The Sui emperor put into place a series of swift and effective reforms. He restricted the use of weapons to the army, insuring that the possibility of rebellion and bloody feuds among the people would be reduced drastically. He ordered that the Great Wall to be rebuilt where it had crumbled. He then reorganized the governments of the north and south into one tidy, efficient unit that was highly structured and hierarchical, with each office having its own set of privileges, rank, and uniforms.  The emperor also ordered a new set of laws that would apply across the entire empire, replacing the contradictory and disorganized mass of local regulations in place at the time. He even married his son and heir, Yangdi, to a southern bride to reduce southern hostility to northern takeover. All later Chinese dynasties were indebted to the Sui’s accomplishments, especially the Tang Dynasty which built upon the foundation of the Sui and came to dominate culture and politics in all of East Asia for nearly three hundred years.

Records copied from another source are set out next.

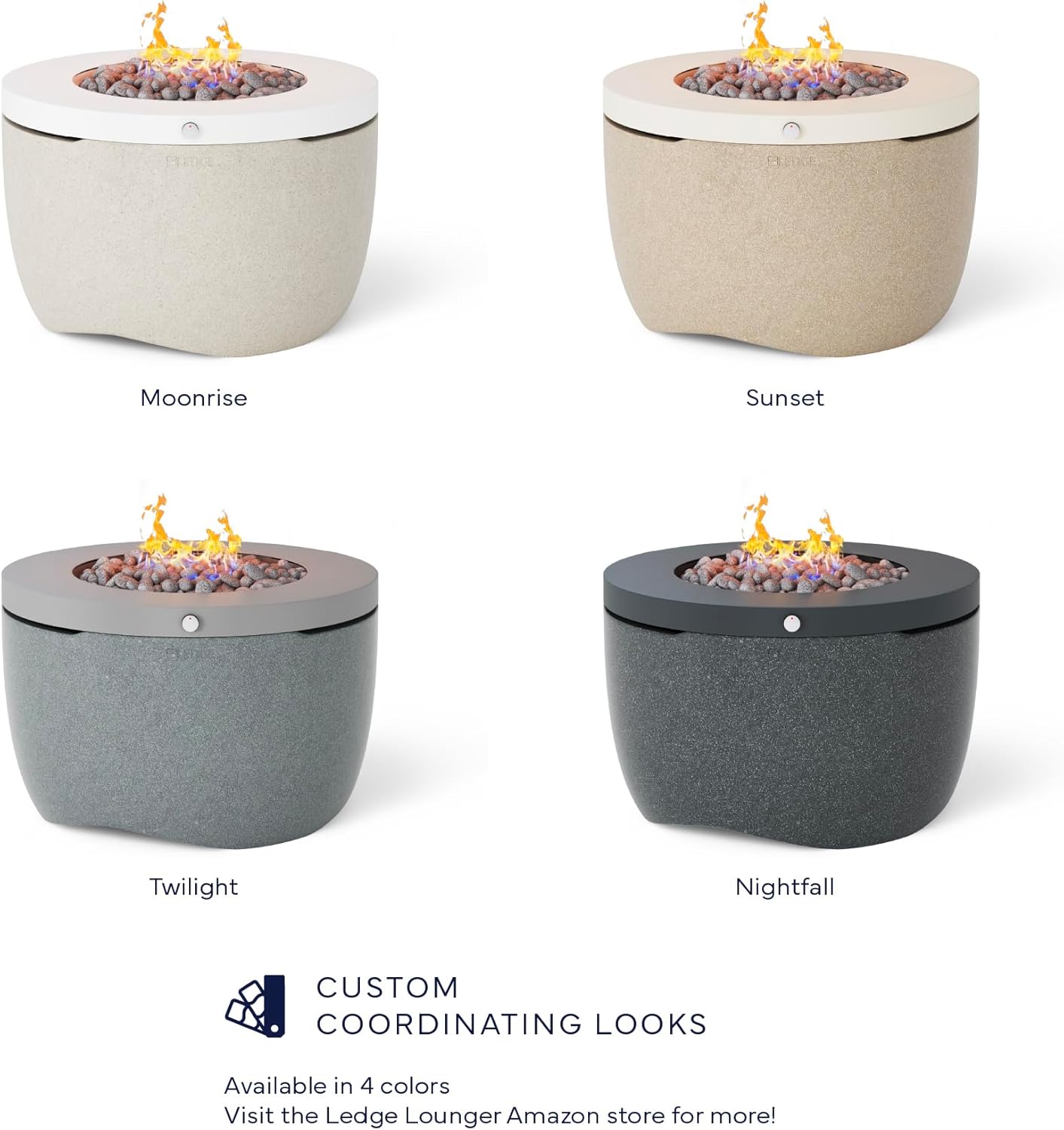 Ledge Lounger Halo Firepit - Smokeless Outdoor Fire Pit Table - 70,000 BTUs Propane Connector and Lava Rocks Included - All Season Heavy Duty (Nightfall)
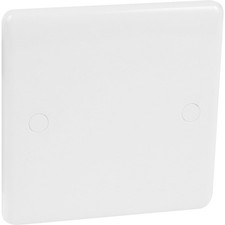 Wessex Single Gang Blanking Plate Electrical Wall Cover Plate - White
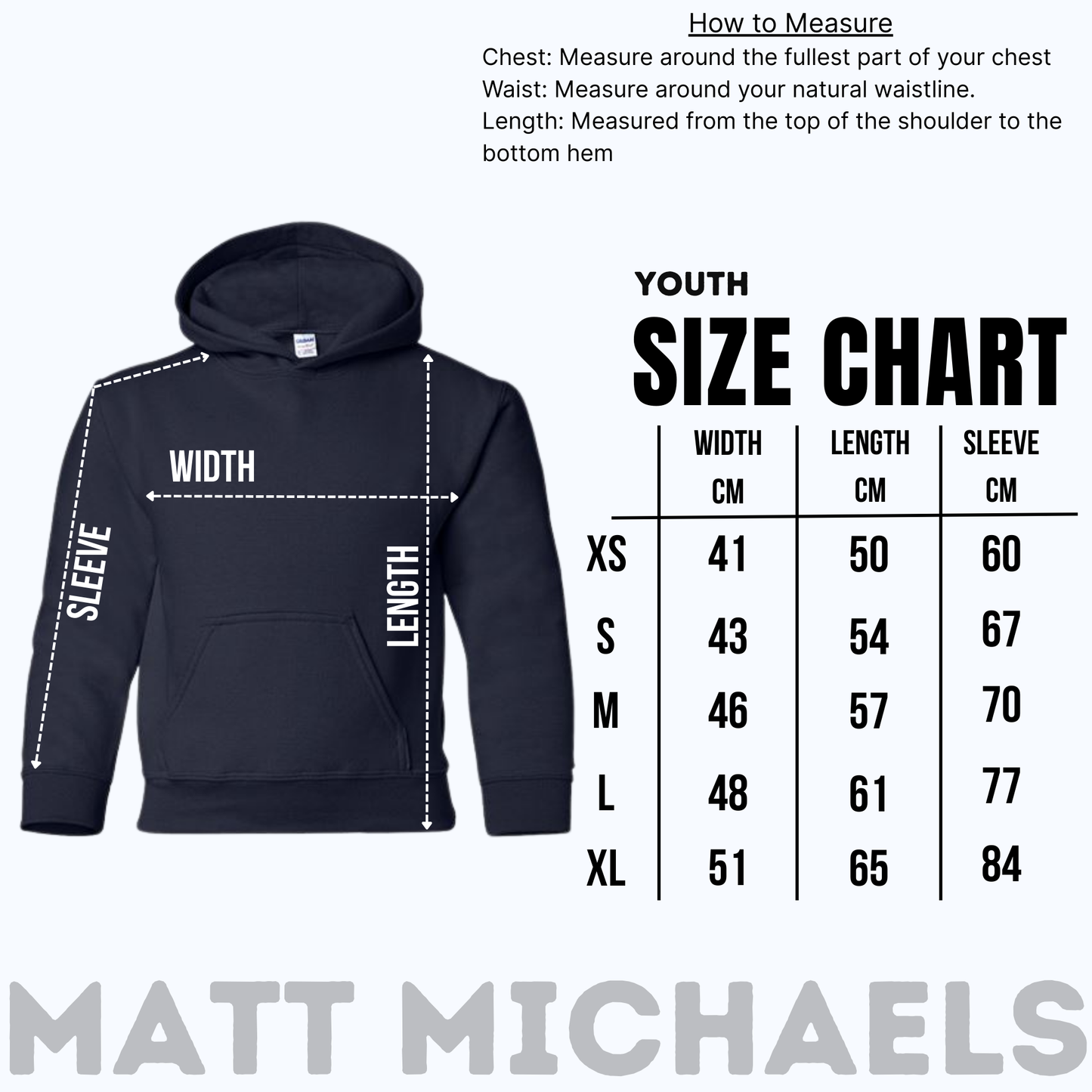 Navy hoodie with size chart for youth measurements on a white background, featuring Matt Michaels branding.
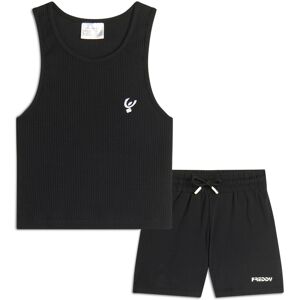 Freddy Completo estivo da bambina con top e shorts Nero Junior 6 Anni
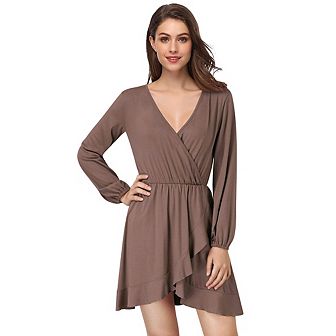 Women's V Neck Long Sleeve Wrap Dresses Ruffle A-line Tunic Party Mini Dress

.Denis C. Twitchett, ed., The Cambridge History of China, vol. 3, Sui and T’ang China, 589-906 Ad, Part 1 (Cambridge: Cambridge University Press, 1979), 48.
. Susan Wise Bauer, The History of the Medieval World: from the Conversion of Constantine to the First Crusade (New York: W. W. Norton & Company, 2010), 226.
. Ibid., 226
.Richard Bulliet et al., The Earth and Its Peoples, Brief Edition, Volume I, 5 ed. (Boston: Cengage Learning, 2011), 40.